Authorising the Board of Directors to decide on the issuance of shares as well as the issuance of other special rights entitling to shares

The Annual General Meeting authorised the Board of Directors to decide to issue new shares either against payment or without payment. As the Annual General Meeting approved the Board’s proposal concerning a share issue without payment, the maximum number of shares to be issued totals a maximum of 2,924,660 shares, which represent approximately 10 per cent of the total number of shares in the company after the new shares to be issued in share issue without payment have been registered.

The new shares may be issued to the company's shareholders in proportion to their current shareholdings in the company or deviating from the shareholders' pre-emptive right through one or more directed share issue, if the company has a weighty financial reason to do so, such as developing the company's equity structure, implementing mergers and acquisitions or other restructuring measures aimed at developing the company's business, financing of investments and operations or using the shares as a part of the company's remuneration and compensation system.

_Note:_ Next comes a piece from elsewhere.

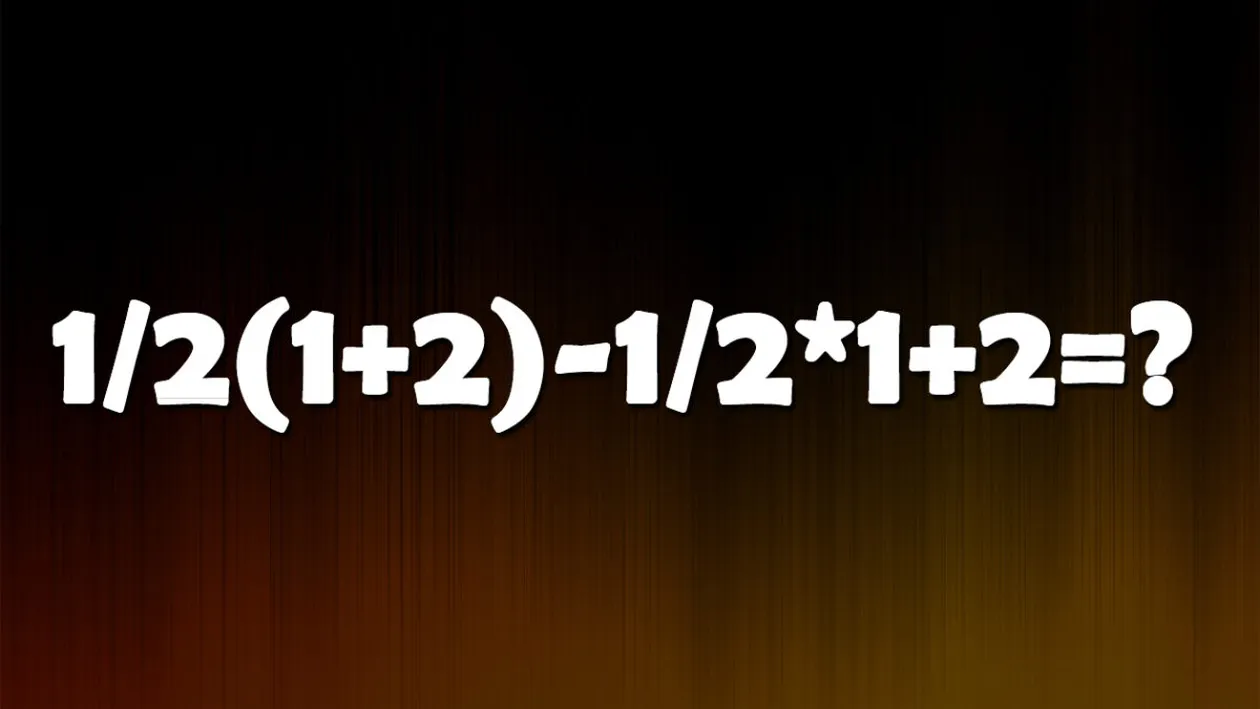 Test de inteligență pentru matematicieni | Calculați 1/2(1+2)-1/2*1+2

The Board of Directors would decide upon terms and scope related to share issues.

Based on the authorisation, the Board of Directors can, pursuant to chapter 10, section 1, of the Companies Act, also decide on issuing other special rights, either against payment or without payment, entitling to new shares of the company. The subscription price of the new shares can be recorded partly or fully to the invested unrestricted equity reserves or to equity according to the decision of the Board of Directors. The Board of Directors is further entitled to decide on conditions regarding the issuance of shares as well as the issuance of other special rights entitling to shares.

The authorisation is valid for one year from the Annual General Meeting.

Constitutive meeting of the Board of Directors

In its constitutive meeting convening after the Annual General Meeting, the Board of Directors elected Ville Vuori as the Chairman of the Board.

The minutes of the Annual General Meeting will be available on Incap Corporation's website as from 13 May 2022.

INCAP CORPORATION

Further information:
Otto Pukk, President and CEO, +372 508 0798

Distribution:
Nasdaq Helsinki Ltd.
Principal media
www.incapcorp.com

INCAP IN BRIEF

Incap Corporation is a trusted partner and full service provider in Electronics Manufacturing Services. As a global EMS company Incap supports customers ranging from large multinationals and mid-sized companies to small start-ups in their complete manufacturing value chain. Incap offers state-of-the-art technology backed up by an entrepreneurial culture and highly qualified personnel. The company has operations in Finland, Estonia, India, Slovakia, the UK and Hong Kong and employs approximately 2,500 people. Incap’s share has been listed on Nasdaq Helsinki Ltd stock exchange since 1997.